VIDEO. Niezwykły artefakt w białostockim Muzeum Wojska

Unikatowe ostrze o ogromnej historycznej wartości. Średniowieczny miecz trafił do białostockiego Muzeum Wojska. Na bezcenne znalezisko natrafił pracownik placówki... podczas urlopowego nurkowania.
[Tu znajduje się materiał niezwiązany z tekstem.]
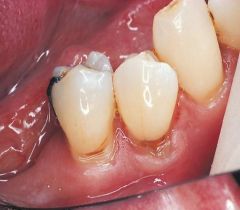 Abrasion 


 


Most frequently seen as a notching on root surfaces with gingival recession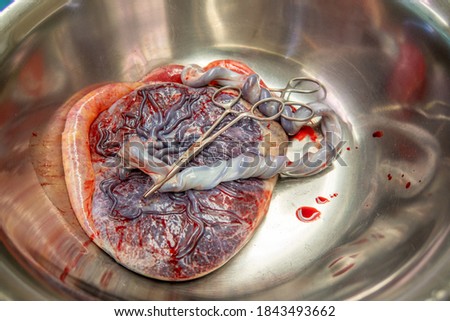 a placenta with umbilical cord is in a silver saline bowl after a birth Royalty-Free Stock Photo #1843493662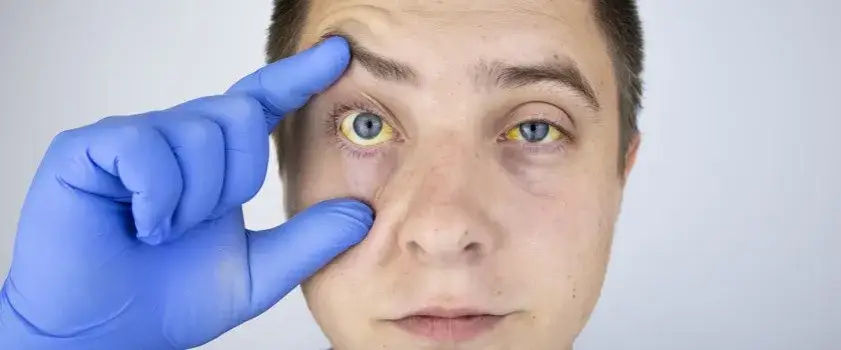 Zdjęcie Skuteczne leczenie podwyższonego poziomu bilirubiny: metody i wskazówki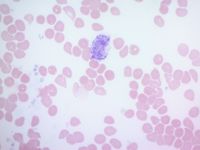 Vacuolated Erythrocytes Figure 1(b)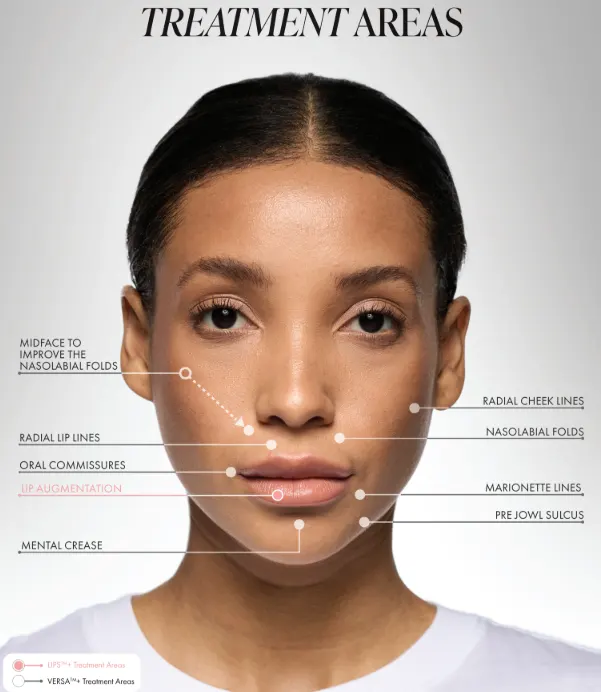 Versa Lip Filler treatment areas illustration showing lips and smile lines enhanced with natural balance at Express Med Spa La Grange IL
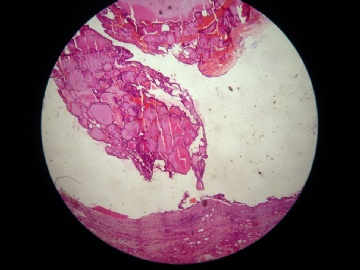 甲状腺肿物图3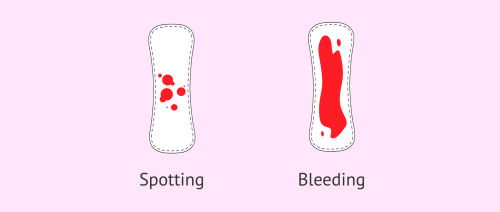 spotting means what?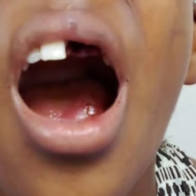 Niña pierde dientes tras ser golpeada presuntamente por su padre en San Cristóbal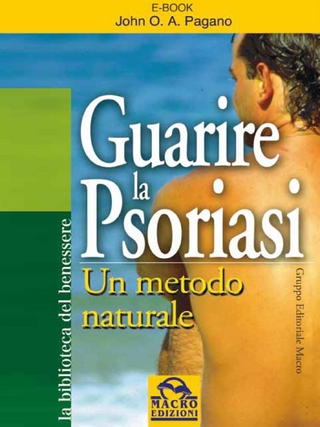 Guarire la psoriasi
Na zabytkowy miecz natrafił Stefan Skibicki, pracownik Muzeum Wojska w Białymstoku, podczas urlopu. Odnalazł artefakt w trakcie nurkowania w wodach województwa podlaskiego. Placówka nie zdradza gdzie dokładnie, bo obawia się o to, że skarbów będą tam poszukiwać inni "odkrywcy". Skibicki zabezpieczył ostrze i przewiózł je do muzeum.

- Od razu było widać, że jest to miecz z przełomu IX-X wieku. Był w takim miejscu, że należało go wydobyć, bo jego dalsze przebywanie w tym miejscu groziło zniszczeniem - opowiada pracownik.

Muzeum trzyma znalezisko w w destylowanej wodzie, by nie oddziaływało na nie powietrze. Miecz wykuty jest z dobrej stali, nie nadszarpnął go mocno ząb czasu - przekonują archeolodzy. To oczywiście wstępna ocena, na konkretniejszą trzeba będzie poczekać. W sprawę zaangażowana jest podlaska konserwator zabytków i Muzeum Podlaskie w Białymstoku.

- Widać na głowicy miecza ślady bardzo rzadkiego zdobienia, miecz był najpewniej wykonany w Nadrenii lub na Kijowszczyźnie. Jest luksusowy, należał prawdopodobnie do prominentnego wojownika. Są trzy hipotezy dot. jego pochodzenia: trafił do wody z rozmytego grobu, zagubił się podczas zbrojnej potyczki przy przeprawie lub został wrzucony do rzeki w ramach obrzędów - zaznacza Aleksander Piasecki, ekspert z Muzeum Podlaskiego.

To drugi taki artefakt w zbiorach Muzeum Wojska w Białymstoku. Poprzedni wydobyto 40 lat temu przy pogłębieniu rzeki Supraśl. Był to wczesnośredniowieczny miecz datowany na XI wiek. Nowe znalezisko jest równie wyjątkowe.

- To rzecz bezcenna z punktu widzenia naszego regionu, bo dużo mówi o tym, jak tysiąc lat temu przebiegały np. szlaki kupieckie czy jakie ludy mogły tu być - zaznacza Robert Sadowski, dyrektor Muzeum Wojska w Białymstoku. Szef placówki zaznacza, że wkrótce ruszą prace wykopaliskowe w miejscu odnalezienia ostrza, by sprawdzić, czy nie ma tam więcej tego typu zabytków.